J’en peux dire quelque chose, moi qui ai entendu, à travers des portes fermées, parler à voix basse des gens à trente pas de moi ; moi dont on voyait, à travers la peau du ventre, bondir tous les viscères et qui parfois ai senti, dans la période d’une seconde, un million de pensées, d’images, de combinaisons de toute sorte qui jetaient à la fois dans ma cervelle comme toutes les fusées allumées d’un feu d’artifice. Mais ce sont d’excellents sujets de conversation et qui émeuvent.

La poésie n’est point une débilité de l’esprit, et ces susceptibilités nerveuses en sont une. Cette faculté de sentir outre mesure est une faiblesse. Je m’explique.

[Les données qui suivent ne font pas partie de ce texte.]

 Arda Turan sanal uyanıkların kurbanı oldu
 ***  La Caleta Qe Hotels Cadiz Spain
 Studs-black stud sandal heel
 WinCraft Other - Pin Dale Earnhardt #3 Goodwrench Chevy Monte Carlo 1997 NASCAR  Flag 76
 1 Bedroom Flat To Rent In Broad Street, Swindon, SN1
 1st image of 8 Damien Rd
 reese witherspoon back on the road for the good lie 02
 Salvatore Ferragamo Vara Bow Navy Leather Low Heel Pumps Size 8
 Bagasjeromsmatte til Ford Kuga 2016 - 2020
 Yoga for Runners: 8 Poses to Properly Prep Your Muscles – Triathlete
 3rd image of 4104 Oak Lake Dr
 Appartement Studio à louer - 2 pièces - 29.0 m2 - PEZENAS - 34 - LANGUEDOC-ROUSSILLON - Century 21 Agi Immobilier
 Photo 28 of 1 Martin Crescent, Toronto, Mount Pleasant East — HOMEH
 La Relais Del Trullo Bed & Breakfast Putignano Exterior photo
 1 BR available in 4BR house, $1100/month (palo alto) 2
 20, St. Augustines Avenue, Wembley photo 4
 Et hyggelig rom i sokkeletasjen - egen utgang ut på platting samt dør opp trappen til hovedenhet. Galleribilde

Si j’avais eu le cerveau plus solide, je n’aurais point été malade de faire mon droit et de m’ennuyer. J’en aurais tiré parti, au lieu d’en tirer du mal. Le chagrin, au lieu de me rester sur le crâne, a coulé dans mes membres et les crispait en convulsions. C’était une déviation. Il se trouve souvent des enfants auxquels la musique fait mal ; ils ont de grandes dispositions, retiennent des airs à la première audition, s’exaltent en jouant du piano, le cœur leur bat, ils maigrissent, pâlissent, tombent malades, et leurs pauvres nerfs, comme ceux des chiens, se tordent de souffrance au son des notes. Ce ne sont point là les Mozarts de l’avenir. La vocation a été déplacée ; l’idée a passé dans la chair où elle reste stérile, et la chair périt ; il n’en résulte ni génie, ni santé.

Même chose dans l’art. La passion ne fait pas les vers, et plus vous serez personnel, plus vous serez faible. J’ai toujours péché par là, moi ; c’est que je me suis toujours mis dans tout ce que j’ai fait.